Ilaitia Bulidiri Tuisese (1946/1947 – 5 October 2024) was a Fijian rugby union player, business executive, politician, and Cabinet Minister. He was a former captain of the Fiji national rugby union team and later served in Prime Minister Laisenia Qarase's Cabinet from 2000 to 2006. He was chair of the board of the Fiji Sun.

Tuisese first played for the Fijian national rugby union team in a match against Wales in Suva in 1969. In 1970 he was part of the team which toured the USA. His last appearance was against the British Lions in 1977. He later went on to captain and coach the Fiji national rugby sevens team.
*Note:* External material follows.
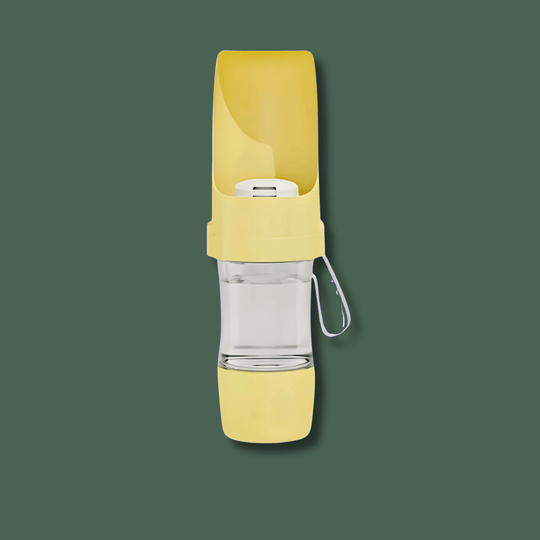 HydroGo Pro — Reiseflasche für Hunde mit integriertem Trink-Napf (500ml)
Tuisese was appointed Minister for Regional Development and Minister for Multi-Ethnic Questions in the interim government that was formed in July 2000 in the wake of the failed Fiji coup of 2000, which deposed the elected government of Prime Minister Mahendra Chaudhry before being quashed by the Military. In the election held to restore democracy in September 2001, he won the Naitasiri Fijian Communal Constituency for the Soqosoqo Duavata ni Lewenivanua Party (SDL), and was subsequently appointed Minister for Agriculture, Sugar, and Land Resettlement. He retained his parliamentary seat in the parliamentary election held on 6–13 May 2006, and was subsequently appointed Minister for Fisheries and Forests, which he retained until the military coup of 5 December 2006.

Following the coup he retired from politics, and did not contest the 2014 election.

In February 2019 he was inducted into the Fijian Rugby Hall of Fame. In April 2019 he was made a life member of the Fiji Rugby Union. In November 2020 he was made an Officer of the Order of Fiji.

Tuisese died on 5 October 2024, at the age of 77.